Economy, Business And Markets

Stocks Catch a Breather

Business & Markets Desk
Stocks Catch a Breather
Stocks Catch a Breather

Stocks held steady this week slowly, recovering nearly all ground lost in the three-day rout that started on Feb. 10, as a mixture of news rocked Tehran’s markets.

Equities have staged a rally in Tehran since Jan. 16, when sanctions against Tehran’s nuclear program were revoked and opened the door to normalization of business and banking relations with the global community.

Since the lifting of sanctions, the TSE has surged 22%, while its smaller rival the Iran Fara Bourse jumped 15%.

However, a price correction started on Feb. 10, which deflated the market 1.3% during the next two trading days. Stocks spent the rest of last week recouping losses from the correction.

Tehran Stock Exchange’s Benchmark TEDPIX closed 0.47% higher at 77,888 points for the week, just 521 points off the record it set on Feb. 9.

TSE saw its busiest day in recorded history on Feb. 9, with over 3.91 billion shares changing hands and the TEDPIX capping 3.19% or 2,415 points, to close at a 23-month peak of 78,199 points.

What moves the TSE also moves the Iran Fara Bourse. Shares on IFB fell to a one-week low of 799.44 point on Sunday and spent the rest of the week rebounding from the losses.

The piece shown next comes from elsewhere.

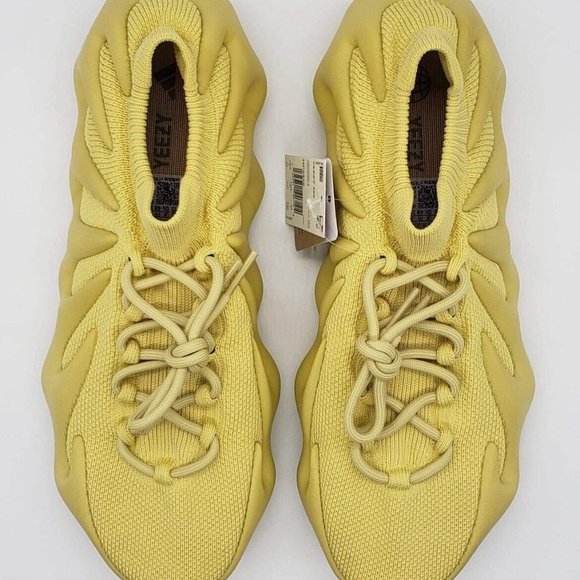 adidas Yeezy 450 Sulfur Size Mens 13 HP5426 In Hand. Condition is New wi… - Picture 3 of 6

IFB benchmark index, IFX, edged up 3 points or 0.3% by Wednesday’s 819.44 point finish.

  Automotive Shares

Automakers have been the top performers. Their performance has been staggering. The shares of SAIPA, Iran’s second largest carmaker, surged a whopping 23% to end the week at 2,459 rials per share. The larger rival Iran Khodro soared 15% to 3,399 rials during the week. The rise of car manufacturers is mainly due to rumored deals between them and global giants like Renault-Nissan Alliance and France’s PSA Peugeot Citroën.

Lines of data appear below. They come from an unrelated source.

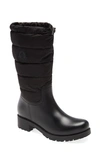 MONCLER GINETTE TALL WATERPROOF RAIN BOOT,F209B4G5010001AM9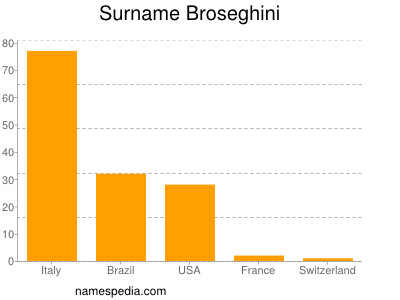 Surname Broseghini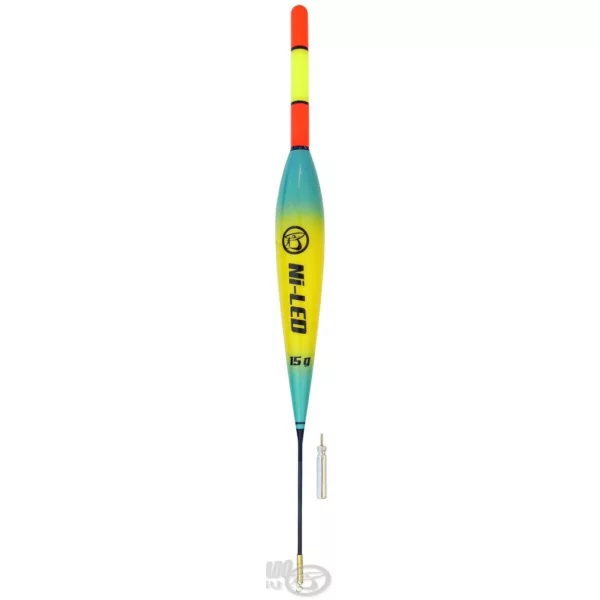 Haldorádó Ni-Led Luminous Float 15gr with Gift Lithium Battery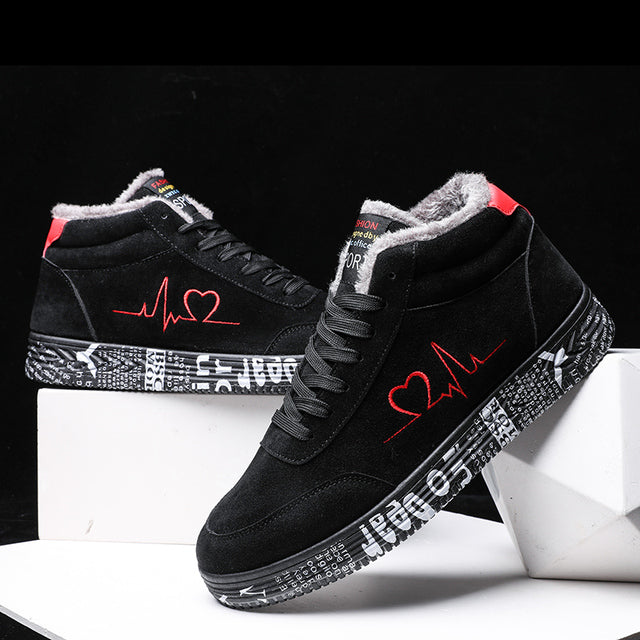 Matching sneakers for couples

“There are carmakers and then there is the rest of the market,” Reza Qahremani, Maskan investment bank’s head of asset management, told Financial Tribune.

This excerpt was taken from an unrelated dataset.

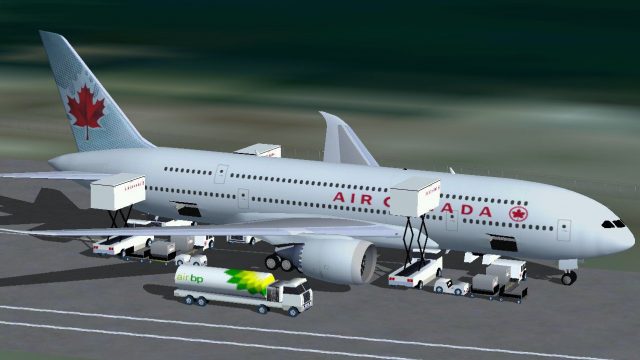 Screenshot 1 — Air Canada Boeing 700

“Two holdings are selling 8% of SAIPA this week. That may give auto stocks a jolt in the right direction and help bring down share prices.”

Enthusiasm about changes in Iran’s economic dynamics due to the lifting of sanctions has trumped the effect of domestic turmoil and a slowdown in the global economy.

Iran’s economy is struggling—growth is close to zero, one in 10 is jobless and many banks face mountains of bad debt. But many investors are betting that by restoring Iran’s links with the rest of the world and attracting foreign capital and technology, the end of sanctions will trigger a long-term economic boom.

  Oil and Equities

An increase in Iran’s crude output is one of the immediate effects of sanctions relief.

Iran was the second-biggest producer in the Organization of Petroleum Exporting Countries before sanctions were intensified in 2012. It is now seeking to boost output by one million barrels a day and regain market share.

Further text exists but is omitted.